Judicial Approaches to Acknowledged

Judicial Approaches to Acknowledged and Unacknowledged AI-Generated Evidence: Artificial Intelligence Trends

What judicial approaches to acknowledged and unacknowledged AI-generated evidence are needed today? This article provides practical advice!

The article titled Judicial Approaches to Acknowledged and Unacknowledged AI-Generated Evidence (and available here) is the latest article authored by Maura R. Grossman and Hon.
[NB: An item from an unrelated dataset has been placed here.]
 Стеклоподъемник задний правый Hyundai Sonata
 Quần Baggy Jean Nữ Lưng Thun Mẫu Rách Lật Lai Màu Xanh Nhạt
Paul W. Grimm (ret.). In the Introduction, it quickly illustrates how much has changed in a decade, as follows:

“In 2013, the first author of this paper (Grossman) was a speaker at a bench and bar conference sponsored by the Tenth Circuit Court of Appeals. One of the justices of the U.S. Supreme Court attended the event as the justice assigned to that Circuit. During a cocktail reception, the author, using her cell phone—discreetly, so she thought—snapped a few photographs of the justice before being approached by the U.S. Marshals Service. Apparently, the justice in question did not appreciate being photographed holding an alcoholic beverage and the marshals requested that the author delete the photos she had taken in exchange for an opportunity to have her photograph taken with the justice, sans beverage. Obviously, the author dutifully complied with the marshals’ request.”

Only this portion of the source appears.